Nagios Interview questions

— ny_wk

Nagios interview questions almost always start with the same core themes: what Nagios is, how its scheduling daemon works, the difference between active and passive checks, SOFT vs HARD states, and how remote hosts are monitored with NRPE. This guide walks through the questions interviewers actually ask, with corrected, accurate answers you can explain confidently in a system administrator or DevOps interview.

Below the answers are organized by topic rather than dumped as a flat list, so you build a real mental model of how Nagios Core monitors infrastructure. Where the underlying technology is legacy, the modern equivalent is called out so you do not get caught off guard.

Nagios fundamentals: what it is and how it works

What is Nagios and how does it work?

Nagios is an open-source IT infrastructure monitoring system for hosts, services, and networks. Nagios Core runs on a server as a daemon (typically the nagios process), and it behaves like a scheduler: it periodically runs small programs called plugins that test the state of a host or service and return a result.

A plugin might PING a router, query CPU load, check whether a web server returns HTTP 200, or confirm a disk is not full. Nagios records each result, compares it to the previous state, and decides what to do next: log the event, run an event handler, or notify a contact by email or SMS. Operators view current status through the Nagios web interface (served by the CGIs or, in modern setups, Nagios Core 4 with a refreshed UI).

A key clarification interviewers like: Nagios does not contain the monitoring logic for each protocol itself. The intelligence lives in the plugins. Nagios simply schedules them, interprets their exit codes, and acts on state changes.

What are plugins, and what do their exit codes mean?
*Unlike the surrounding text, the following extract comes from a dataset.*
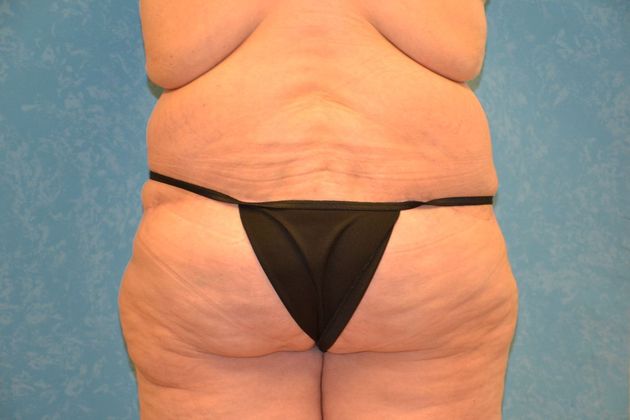 Bodylift: Case 1528- Findlay, OH - After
Plugins are compiled executables or scripts (Perl, Python, shell, etc.) that can run from the command line to check a host or service. They are the heart of Nagios. The official bundle is the Monitoring Plugins project (formerly nagios-plugins), which ships checks such as check_http, check_ping, check_disk, and check_load.

Nagios determines status from the plugin's exit code, not its text output:

Exit code	Service state	Host state (typical)
0	OK	UP
1	WARNING	UP or DOWN (interpreted)
2	CRITICAL	DOWN/UNREACHABLE
3	UNKNOWN	DOWN/UNREACHABLE

To discover any plugin's options, run it with -h or --help:

./check_http --help
./check_http -H www.example.com -p 443 --ssl

The first line of a plugin's stdout becomes the status text shown in the UI; anything after a pipe character (|) is treated as performance data for graphing.

Nagios configuration files: structure and locations

What is the main configuration file and where does it live?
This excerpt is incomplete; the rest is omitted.